Mitt Romney spoke before the National Association of Latino Elected and Appointed Officials on Thursday, where he laid out his immigration policy that would "replace and supersede" President Obama's recent shift on immigration.
Mitt Romney went before the National Association of Latino Elected Officials this afternoon, but still refused to take a stand on President Obama's plan to allow some illegal immigrants who were brought here as children by their parents to stay in the country.
"Some people have asked if I will let stand the president's executive action," the GOP presumptive presidential nominee said. "The answer is that I will put in place my own long-term solution that will replace and supersede the president's temporary measure."

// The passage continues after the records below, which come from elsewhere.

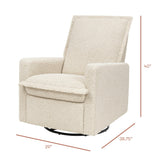 Babyletto Cali Flange Recliner and Swivel Glider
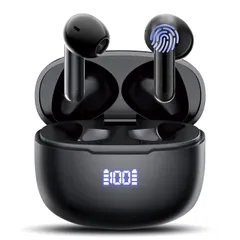 【人気商品】超指向性サウンド技術】 完全ワイヤレス 【2023年登場 マイク付き Bluetooth5.3 ノイズキャンセリング ブルートゥース LEDディスプレイ表示 ハンズフリー通話 Hi-Fi音質 イヤホン スマホ ヘッドセット 空気のような装着感 コー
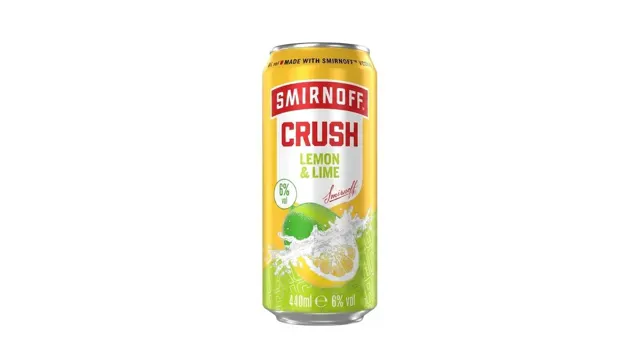 Smirnoff vodka mix Crush Lem&Lime 440ml DIAGEO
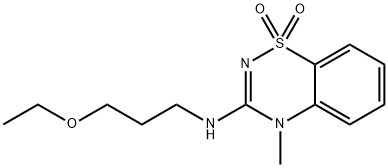 3-((3-ETHOXYPROPYL)AMINO)-4-METHYL-4H-BENZO[E][1,2,4]THIADIAZINE 1,1-DIOXIDE Structure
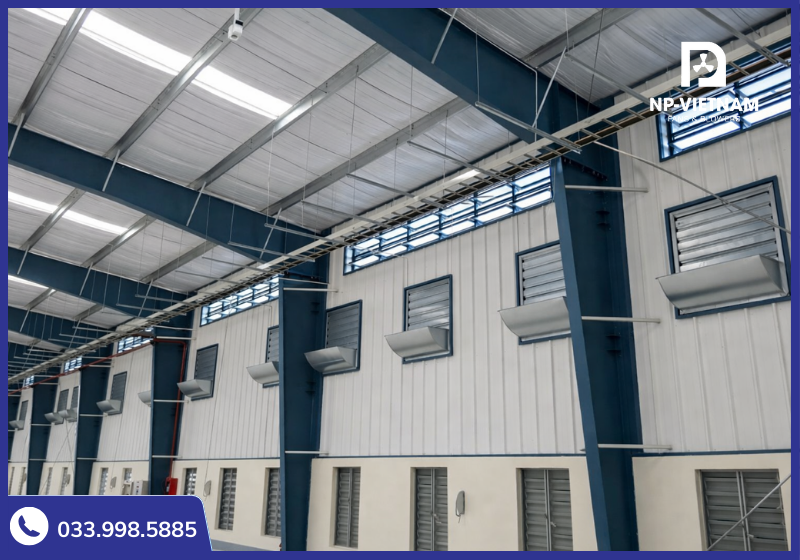 Giải pháp lắp quạt thông gió không cần đục tường giúp giữ nguyên kết cấu và thẩm mỹ cho công trình.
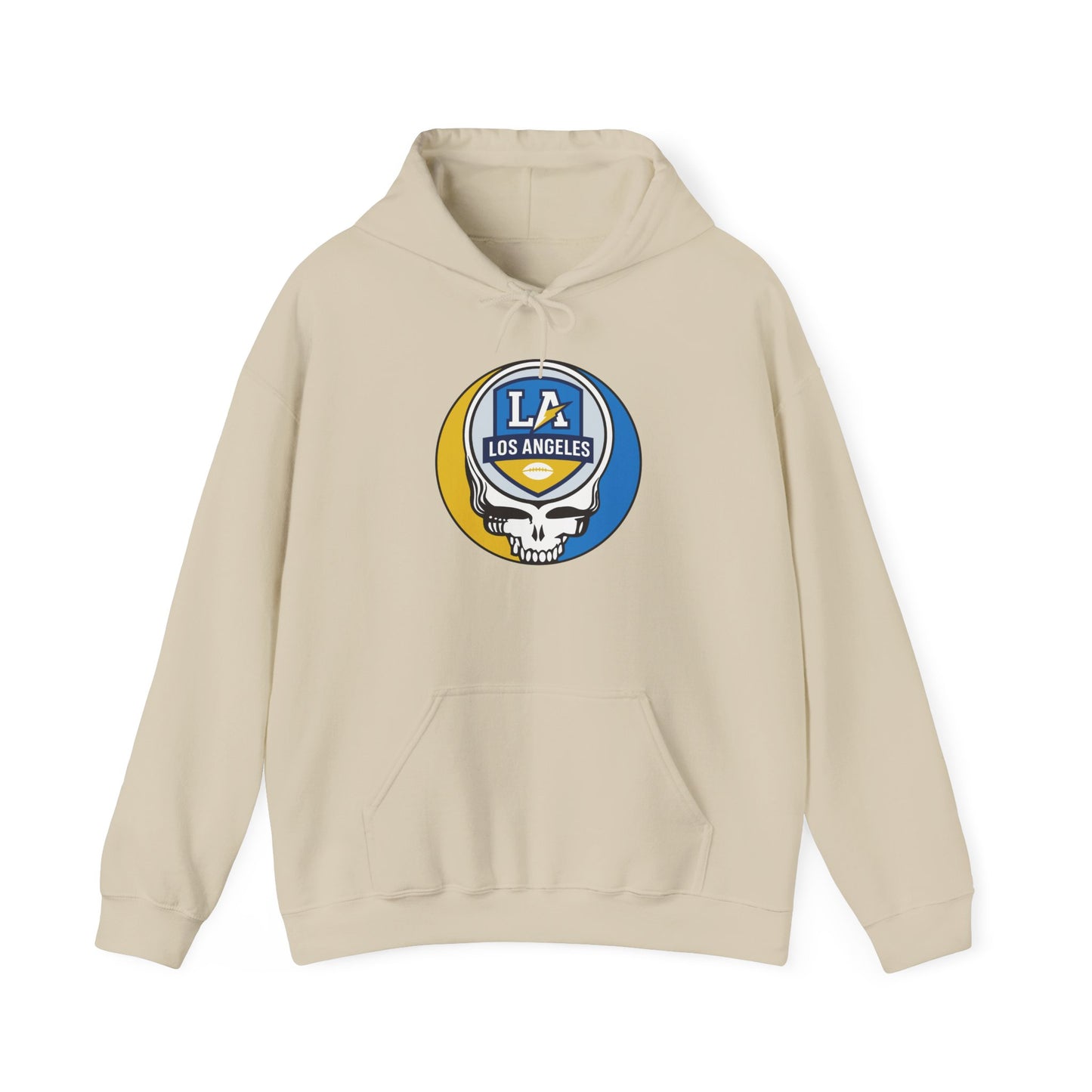 Los Angeles Football Stealie Grateful Dead Hoodie - NFL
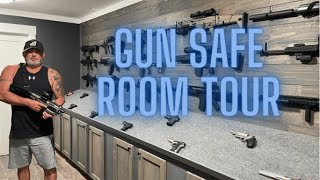 Call Of Duty Inspired Gun Safe Room Tour [upl. by Orelee]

"As president, I won’t settle for stop-gap measures," said Romney, who was greeted with polite but not overly enthusiastic response. "I will work with Republicans and Democrats to find a long-term solution."
Romney did promise to overhaul the green card system for immigrants with families and to end immigration caps for their spouses and minor children.
Polls show Latinos (and all Americans) overwhelmingly support Obama's decision to allow hundreds of thousands of illegal immigrants to stay in the country and work.
The stakes are high for the November election. Even a modest shift among Latino voters in battleground states like Ohio, North Carolina and Virginia, could tip the scales.
Obama will speak to the same group tomorrow at one o'clock in Lake Buena Vista, Florida.